Einer der schönsten und längsten Wege führte uns zur höchsten Erhebung dieser Berge: zur
Omul-Spitze. Von da ging’s dann über den Bucşoi, ein ganz wilder und felsiger Berg, der uns
sogar im Abstieg ganz schön was abverlangte, zum Diham. Es war ein sehr langer und
ermüdender Marsch, aber es war die erlebnisreichste Tour unseres Urlaubs bis zu dem Tag,
als ich mit meinem neuen Freund Paul, einem rumänischen Bergsteiger aus Braşov, eine
außergewöhnliche Tour unternahm. Er führte mich diesmal nicht auf markierten Wegen,
sondern in seine Bergsteigerwelt. Allerdings, in Anbetracht der Tatsache, dass ich ja keine
bergsteigerische Ausbildung habe, führte er mich einen für seine Begriffe leichten Weg:
durchs Cerbu-Tal hinauf bis unter die steilen Felsabstürze des Moraru. An diesen ging’s
dann entlang ins Reich der Gämsen und des Edelweiß. Es waren meine ersten Gämsen, die
ich hier zu sehen bekam, aber noch mehr beeindruckte mich das viele Edelweiß, das hier
fast wie ein Teppich wächst. Ich musste aufpassen, nicht draufzutreten, es wäre doch
schade gewesen! Und ich dachte immer, diese Blume wächst nur an schwer zugänglichen
Stellen, in Felswänden, wo man sein Leben wagt, wenn man sie pflücken will.

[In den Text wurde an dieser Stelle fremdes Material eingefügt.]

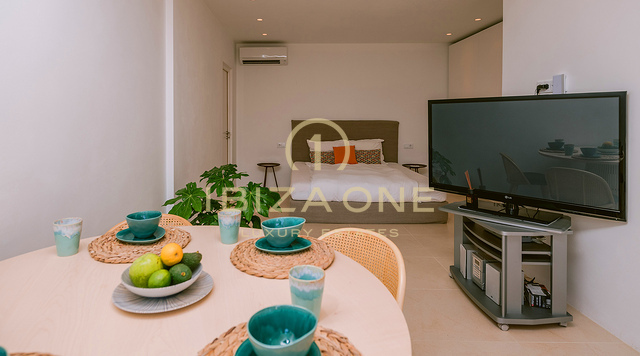 Villa de ville luxueuse et modernisée avec beau jardin et piscine à vendre, Ibiza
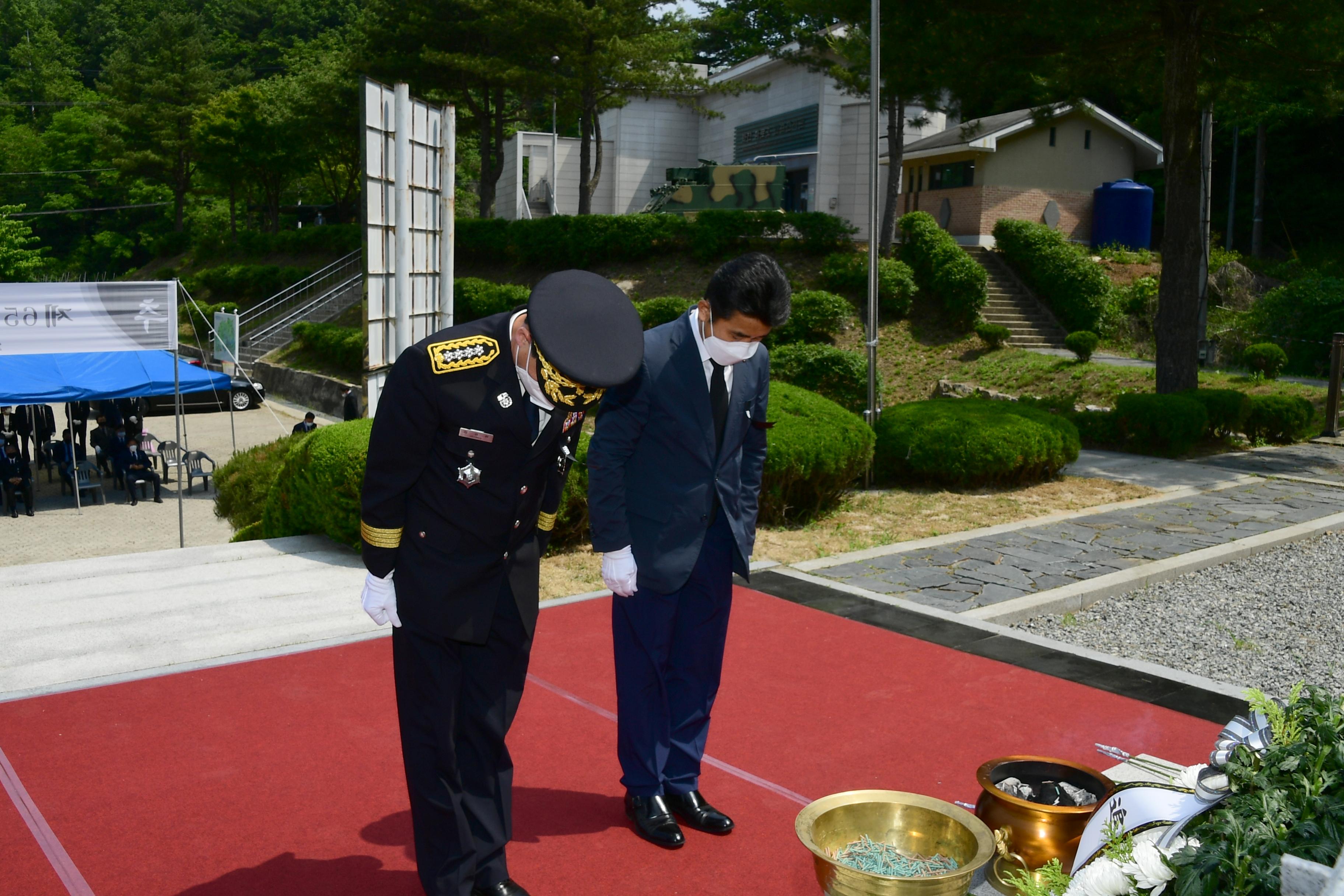 2020 제65회 현충일 자유수호기념탑 참배 의 사진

Ein von hier mitgebrachtes schönes Exemplar habe ich zuhause samt einem Foto von dieser
Tour eingerahmt auf dem Schreibtisch stehen. Welch erhabenes Gefühl, staunenden
Freunden dann so ganz nebenbei zu erklären: „Selbst gepflückt!“
Doch zurück zu unserer Tour. Wir machten den Morar-Zacken unsere Reverenz – mehr war
für mich nicht drin. Ein paar Fotos, und es folgte der Abstieg durch das Bujorilor-Tal: ein
Steiltal mit einigen großen Steinstufen – Kletterstellen, die ich ohne Tatkräftige Hilfe meines
Freundes nicht hätte bewältigen können. Dieser Abstieg war der schwerste Teil der Tour. Als
wir unten ankamen, war ich ganz schön geschafft.
Ich denke gerne zurück an meinen Aufenthalt in den Bucegi und plane schon weitere
Entdeckungen in Rumäniens Karpaten. Freunde haben mir einen Geheimtipp ins Ohr
geflüstert. Retezat!
(Verlag Neuer Weg, Bukarest - Komm Mit 79, S. 185 – 186)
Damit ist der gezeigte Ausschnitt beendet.